Tapering of vacationland...

Things feel like they are coming to a close. Like they are falling asleep here and thus the waking world is in fact what will be the dream of here. The return to Paris. The bustle. the work. The teaching. The getting ready for another year. the applying for qualification. The list of to-do items left in some box somewhere before one (I) took off to here.

But I am not yet there. there are a few more seascape days left, afternoons finishing good novesl on the sandy beaches, diving into the blue waters to cool down. There are a few more evenings of gorgeous sunsets over bay and mountains. But alas, so few, so few I must now dash off an savor them!!!!

Sunday, August 23, 2009

Athens is burning....summer island reading and reflecting

Here, the life on the island paradise continues. The sky at night is red red red in the direction of Athens and the mainland, though so far away I doubt that the sunset really has a thing to do with the redness here. Though who knows? Until this change, the world was all blues and greens.

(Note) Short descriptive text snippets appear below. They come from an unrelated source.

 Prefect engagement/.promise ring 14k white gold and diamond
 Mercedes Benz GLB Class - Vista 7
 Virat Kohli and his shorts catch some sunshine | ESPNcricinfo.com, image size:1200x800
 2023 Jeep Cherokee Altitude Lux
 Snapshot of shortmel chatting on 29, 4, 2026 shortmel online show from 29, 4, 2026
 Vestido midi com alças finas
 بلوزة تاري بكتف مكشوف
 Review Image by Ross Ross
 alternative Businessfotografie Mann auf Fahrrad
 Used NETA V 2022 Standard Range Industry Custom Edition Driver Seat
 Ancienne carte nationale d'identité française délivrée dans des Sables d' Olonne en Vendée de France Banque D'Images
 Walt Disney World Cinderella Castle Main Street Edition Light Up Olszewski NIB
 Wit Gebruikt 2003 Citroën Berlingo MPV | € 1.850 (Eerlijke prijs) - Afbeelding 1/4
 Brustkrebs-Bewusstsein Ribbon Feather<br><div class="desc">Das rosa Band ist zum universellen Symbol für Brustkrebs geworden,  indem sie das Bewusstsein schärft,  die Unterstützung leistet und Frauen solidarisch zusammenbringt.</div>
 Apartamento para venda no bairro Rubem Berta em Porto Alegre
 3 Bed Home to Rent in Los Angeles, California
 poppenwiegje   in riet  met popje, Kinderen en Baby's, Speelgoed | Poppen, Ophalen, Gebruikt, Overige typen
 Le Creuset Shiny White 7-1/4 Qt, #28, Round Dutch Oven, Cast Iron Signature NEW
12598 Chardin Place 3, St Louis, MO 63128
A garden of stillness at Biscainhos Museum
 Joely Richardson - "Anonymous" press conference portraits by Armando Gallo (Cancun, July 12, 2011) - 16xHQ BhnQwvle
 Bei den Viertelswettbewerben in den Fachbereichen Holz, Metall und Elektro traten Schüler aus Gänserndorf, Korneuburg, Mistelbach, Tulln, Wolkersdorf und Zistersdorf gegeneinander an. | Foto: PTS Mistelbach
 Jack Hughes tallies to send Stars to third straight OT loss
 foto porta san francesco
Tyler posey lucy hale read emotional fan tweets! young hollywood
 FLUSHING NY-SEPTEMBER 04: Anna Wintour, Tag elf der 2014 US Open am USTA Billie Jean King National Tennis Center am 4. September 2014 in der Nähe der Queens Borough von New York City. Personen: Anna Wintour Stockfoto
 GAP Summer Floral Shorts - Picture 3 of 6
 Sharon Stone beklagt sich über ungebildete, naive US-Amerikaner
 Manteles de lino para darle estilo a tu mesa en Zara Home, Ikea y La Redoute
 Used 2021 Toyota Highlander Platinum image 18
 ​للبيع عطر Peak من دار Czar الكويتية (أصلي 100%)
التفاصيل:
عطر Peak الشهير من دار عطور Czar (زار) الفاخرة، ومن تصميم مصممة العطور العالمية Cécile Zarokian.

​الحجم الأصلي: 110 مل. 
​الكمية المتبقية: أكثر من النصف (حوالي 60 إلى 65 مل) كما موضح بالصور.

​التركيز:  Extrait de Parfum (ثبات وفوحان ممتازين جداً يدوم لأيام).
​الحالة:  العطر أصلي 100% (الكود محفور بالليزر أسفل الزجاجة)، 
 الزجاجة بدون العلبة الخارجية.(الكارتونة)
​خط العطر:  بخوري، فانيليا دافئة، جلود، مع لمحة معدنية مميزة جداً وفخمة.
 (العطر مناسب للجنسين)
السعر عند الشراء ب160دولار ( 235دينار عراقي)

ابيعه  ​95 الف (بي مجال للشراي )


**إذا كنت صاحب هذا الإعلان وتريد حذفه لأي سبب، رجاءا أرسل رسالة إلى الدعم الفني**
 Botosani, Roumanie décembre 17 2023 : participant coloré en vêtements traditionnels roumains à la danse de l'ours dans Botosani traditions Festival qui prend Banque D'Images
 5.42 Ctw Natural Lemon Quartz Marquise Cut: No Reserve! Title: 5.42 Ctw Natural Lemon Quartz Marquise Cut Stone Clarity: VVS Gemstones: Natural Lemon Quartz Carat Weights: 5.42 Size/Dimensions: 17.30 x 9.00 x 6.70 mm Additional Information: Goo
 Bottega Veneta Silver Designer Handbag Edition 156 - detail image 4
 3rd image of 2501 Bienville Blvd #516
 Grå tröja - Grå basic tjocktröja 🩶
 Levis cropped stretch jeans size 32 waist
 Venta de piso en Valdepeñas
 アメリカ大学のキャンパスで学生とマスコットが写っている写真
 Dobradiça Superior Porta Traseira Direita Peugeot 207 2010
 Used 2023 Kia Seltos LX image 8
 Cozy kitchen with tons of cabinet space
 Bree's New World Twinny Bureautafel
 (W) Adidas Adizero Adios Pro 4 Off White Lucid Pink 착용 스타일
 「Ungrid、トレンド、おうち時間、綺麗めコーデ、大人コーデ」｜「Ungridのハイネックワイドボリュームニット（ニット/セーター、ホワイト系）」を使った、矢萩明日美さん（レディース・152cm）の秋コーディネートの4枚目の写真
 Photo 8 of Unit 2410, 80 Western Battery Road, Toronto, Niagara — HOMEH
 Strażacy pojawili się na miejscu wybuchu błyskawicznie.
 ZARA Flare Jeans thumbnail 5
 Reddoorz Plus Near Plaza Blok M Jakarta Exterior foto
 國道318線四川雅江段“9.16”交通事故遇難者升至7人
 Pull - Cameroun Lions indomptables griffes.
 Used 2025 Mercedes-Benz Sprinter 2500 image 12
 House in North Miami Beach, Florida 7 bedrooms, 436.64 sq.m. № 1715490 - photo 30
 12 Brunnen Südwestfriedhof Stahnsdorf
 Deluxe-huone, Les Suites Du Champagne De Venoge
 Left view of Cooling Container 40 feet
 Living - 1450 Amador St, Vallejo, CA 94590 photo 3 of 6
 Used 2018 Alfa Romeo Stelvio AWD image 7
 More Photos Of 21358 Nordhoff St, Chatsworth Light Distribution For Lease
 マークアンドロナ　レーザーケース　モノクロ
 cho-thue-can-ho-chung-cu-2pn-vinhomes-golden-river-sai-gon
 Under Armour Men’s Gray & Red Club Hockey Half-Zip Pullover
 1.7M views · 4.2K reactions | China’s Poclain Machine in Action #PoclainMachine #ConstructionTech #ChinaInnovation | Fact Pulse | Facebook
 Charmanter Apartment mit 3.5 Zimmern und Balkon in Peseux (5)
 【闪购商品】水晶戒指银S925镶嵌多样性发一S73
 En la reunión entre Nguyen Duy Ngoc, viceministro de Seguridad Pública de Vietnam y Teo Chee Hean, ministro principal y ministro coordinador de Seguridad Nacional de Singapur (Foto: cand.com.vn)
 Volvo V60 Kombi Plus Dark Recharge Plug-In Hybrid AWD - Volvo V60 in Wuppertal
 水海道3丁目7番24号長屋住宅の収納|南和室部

As I reread Incubation : a space for monsters by Bhanu Kapil last week (click title for spd link), laying in the hot sands so very far from all Americaness that peppers that book, reading through it, reading to write back to myself at times, to my own movements over a life, I drifted, re-re-reading, thinking of the colors in it versus the colors here. Very different tones the greens and blues and browns of here and the reds and oranges in the book.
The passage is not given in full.